[TASK OBJECTIVE]
Using the records below, transcribe exactly only the lines from the one with "Nio Aktie: Kampf" through the end, both included, and drop every picture.

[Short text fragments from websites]

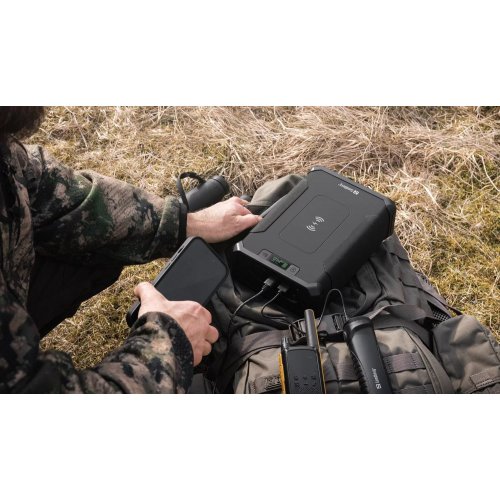 Powerbank Sandberg Survivor 96000mAh 60W (420-78) купить в Украине: Киев, Днепр, Харьков, Одесса  | Низкая цена, отзывы, характеристики от TELEMART фото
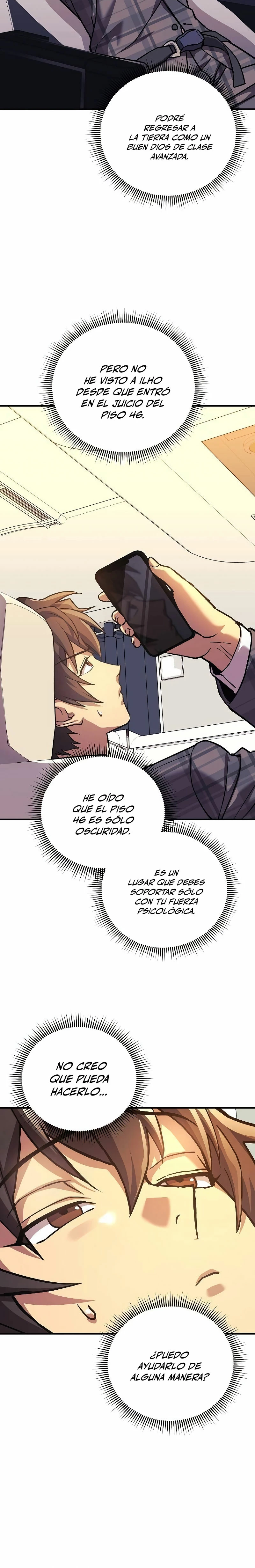 El creador está en hiatus Capitulo 98 página 28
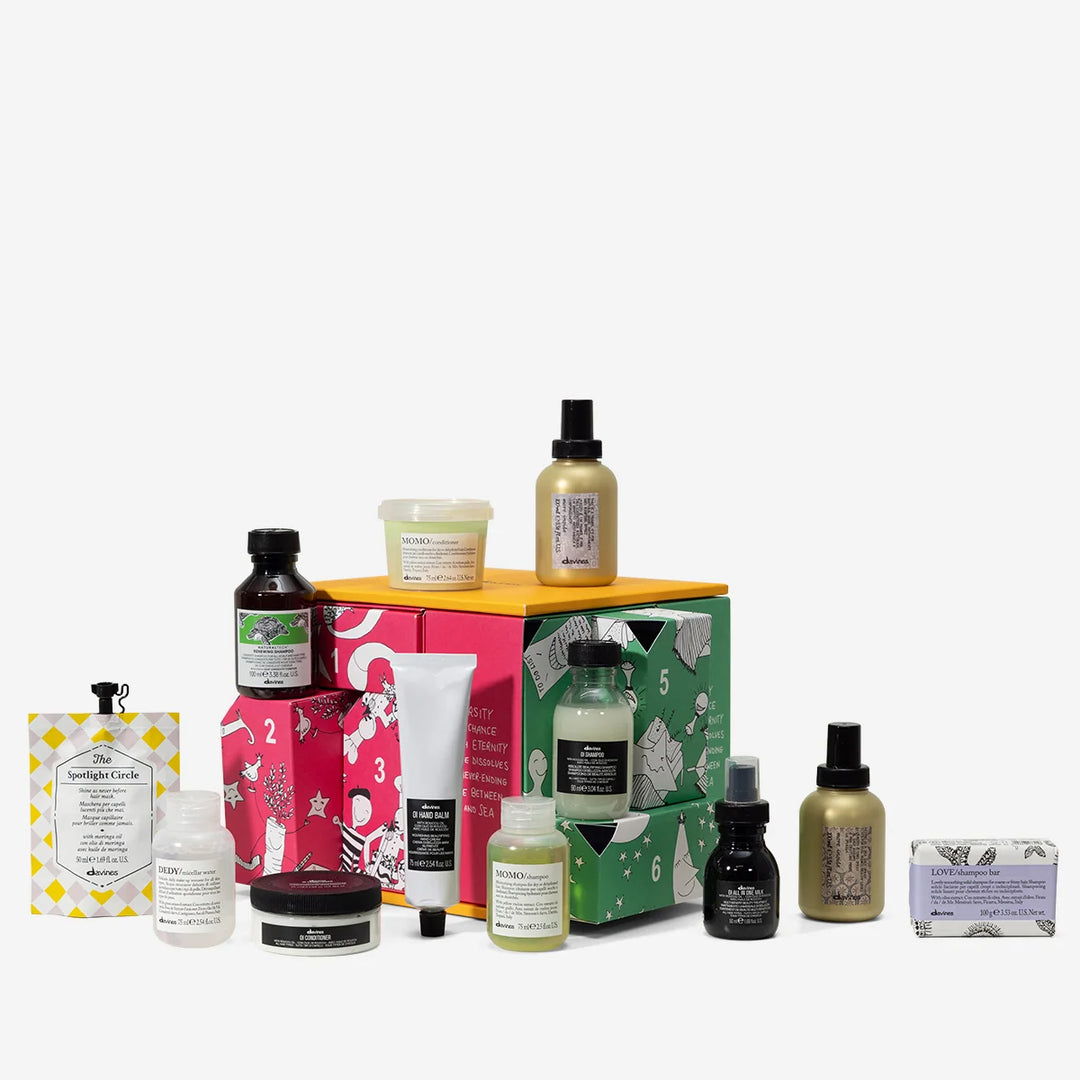 DAVINES ADVENT CALENDAR 2024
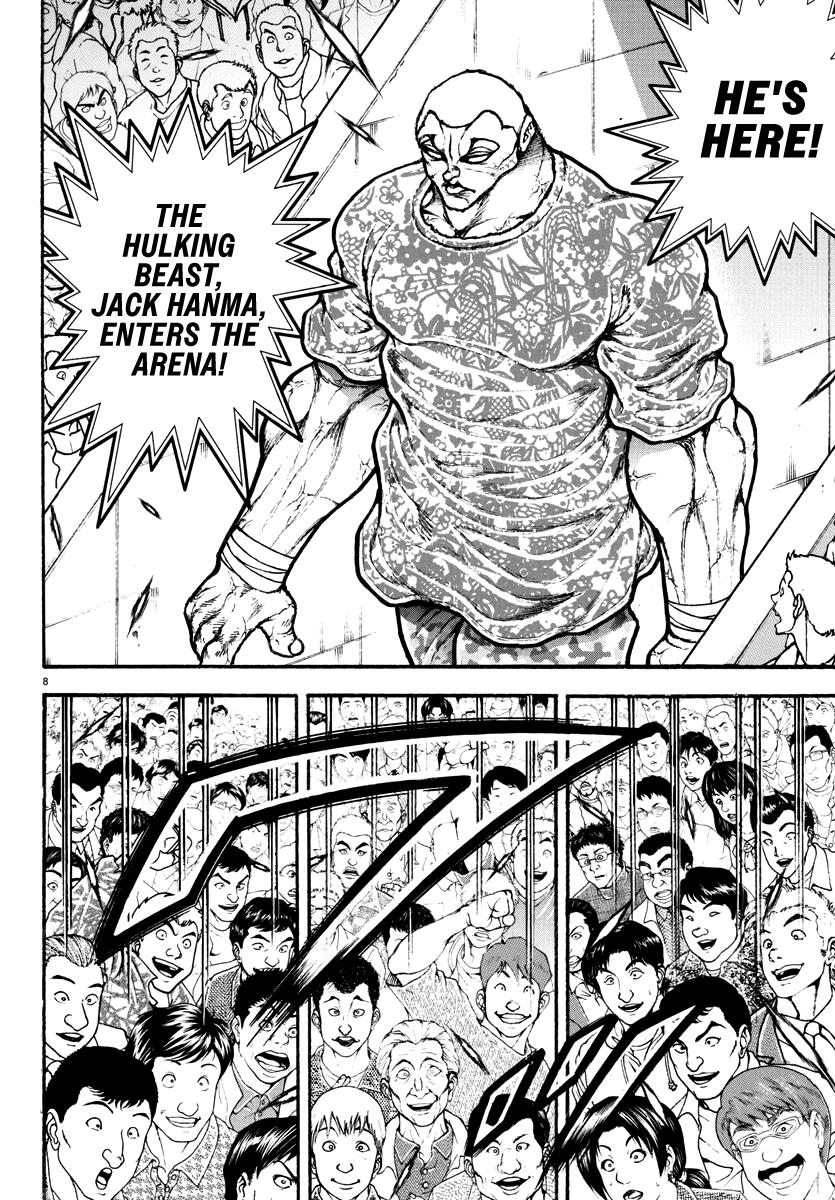 Baki Rahen Chapter 11 Mangapill
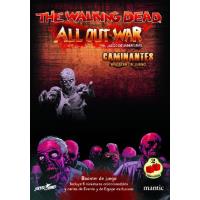 Booster Caminantes Walking Dead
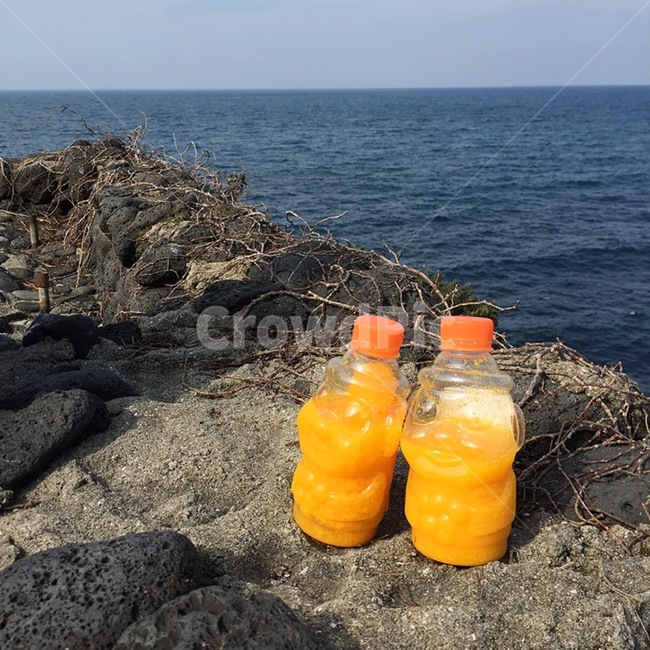 제주,바다,돌하르방,한라봉,현무암,감성,힐링,jeju,sea,dolhardang,hanrabong,hyunmusm,음료수,drink,beverage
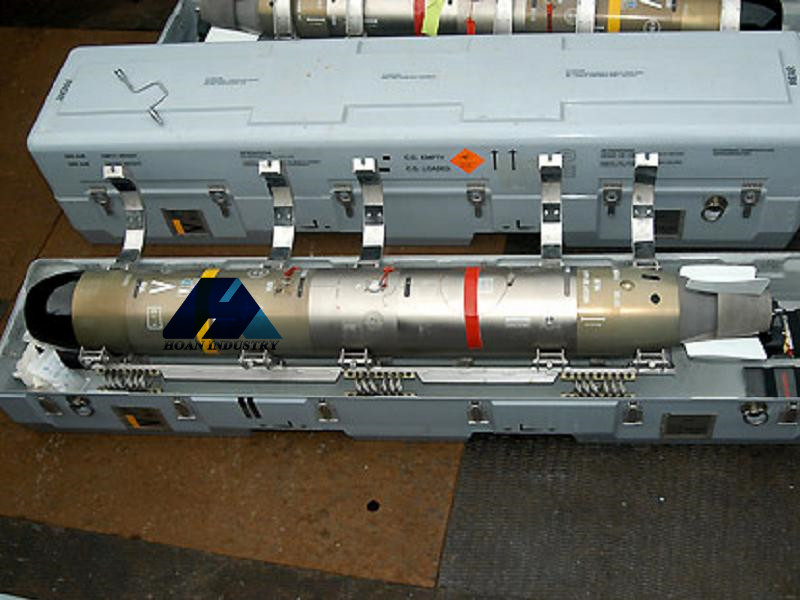 GX-30A抗強沖擊鋼絲繩隔振器應用圖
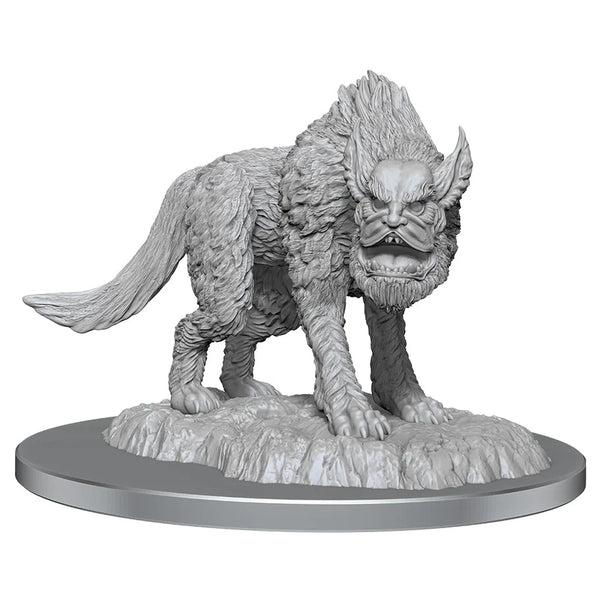 D&D - Nolzur's Marvelous Unpainted Miniatures - Yeth Hound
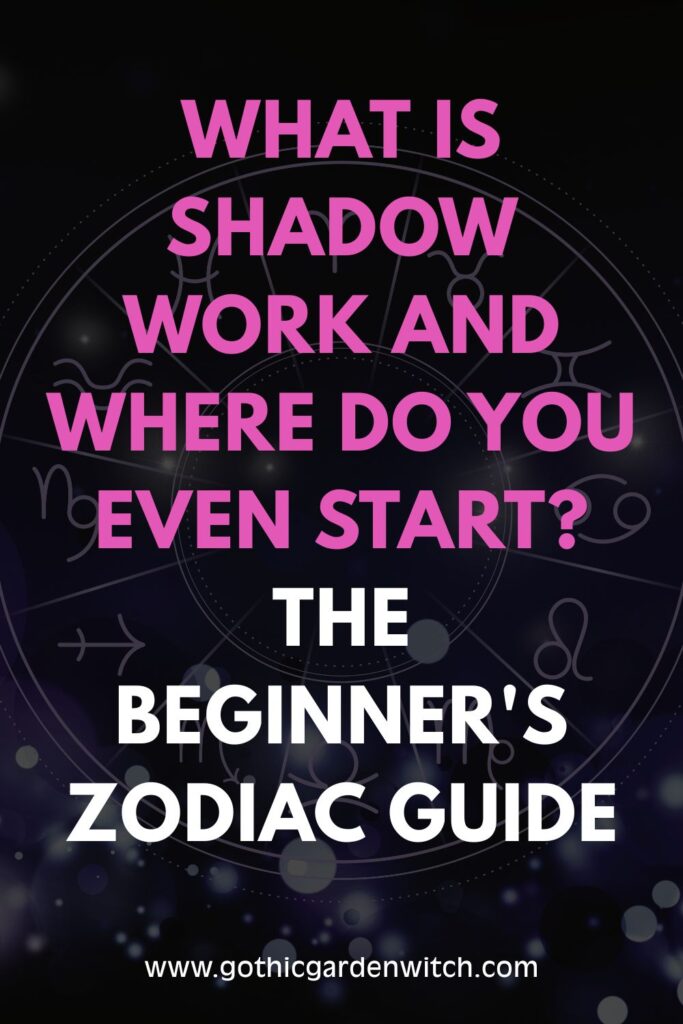 Shadow Work for Beginners — The Zodiac-Based Guide to Facing the Parts of Yourself You've Been Hiding - 1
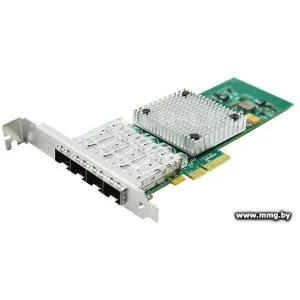Сетевая карта LR-Link LREC9714HF-4SFP фото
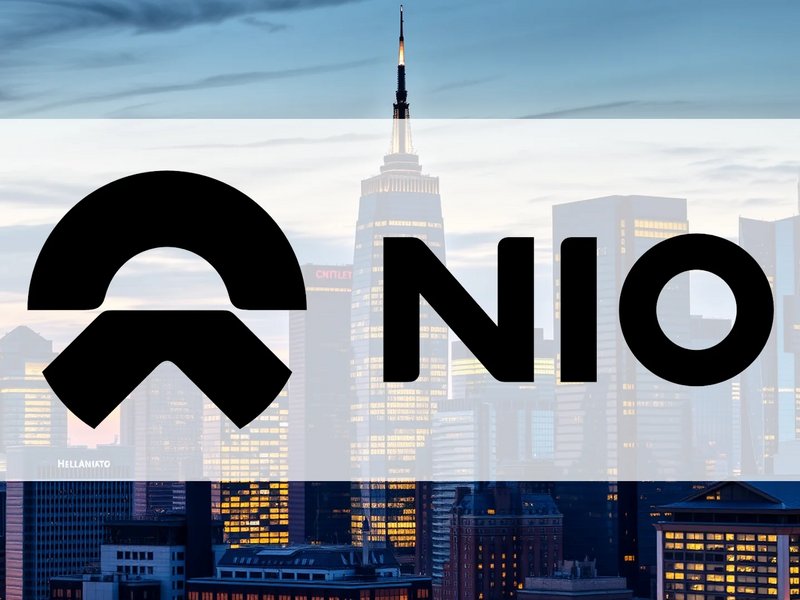 Nio Aktie: Kampf gegen den Trend - Foto: über boerse-global.de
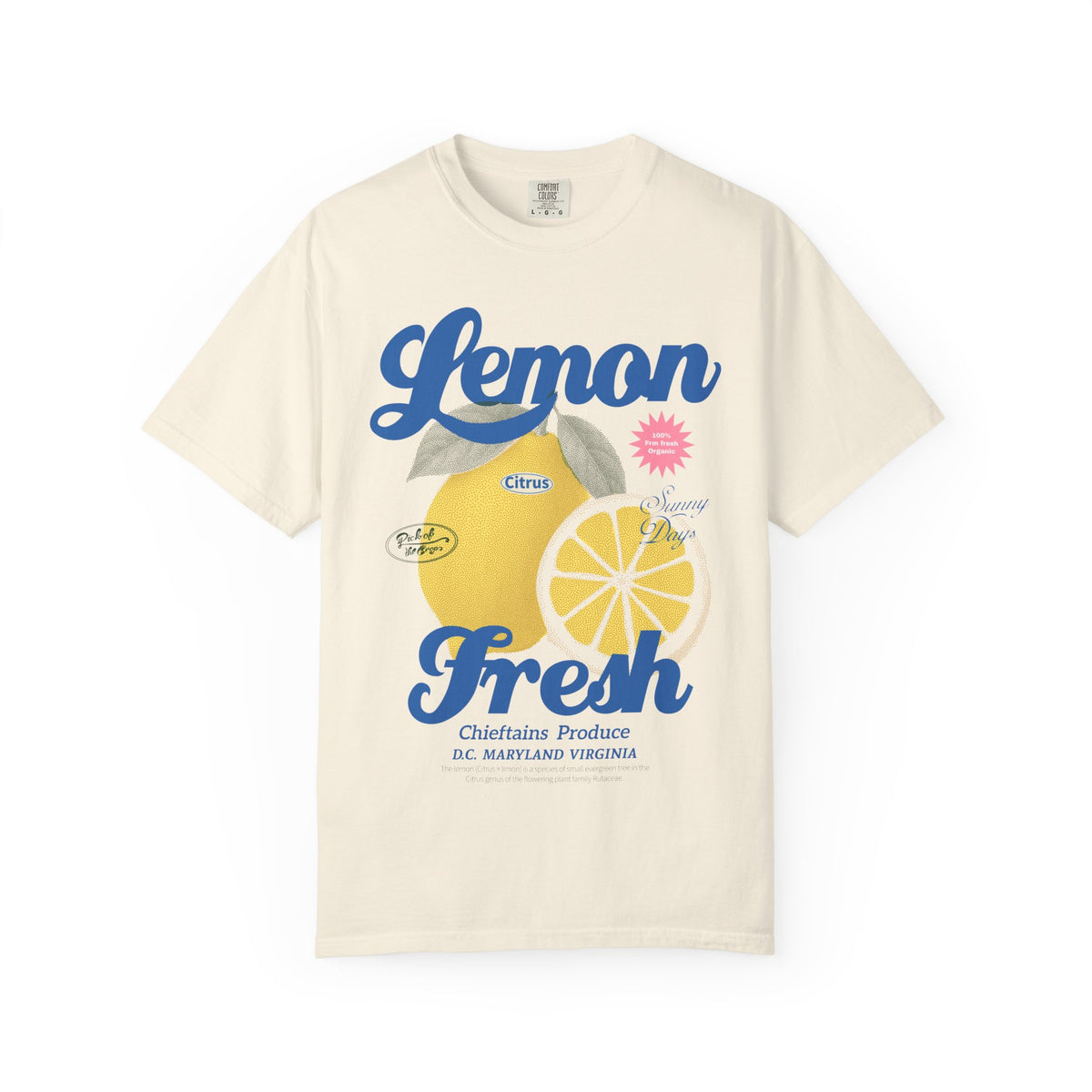 Lemon Fresh Pick of the Crops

[RESPONSE BOX]
 Nio Aktie: Kampf gegen den Trend - Foto: über boerse-global.de
 Lemon Fresh Pick of the Crops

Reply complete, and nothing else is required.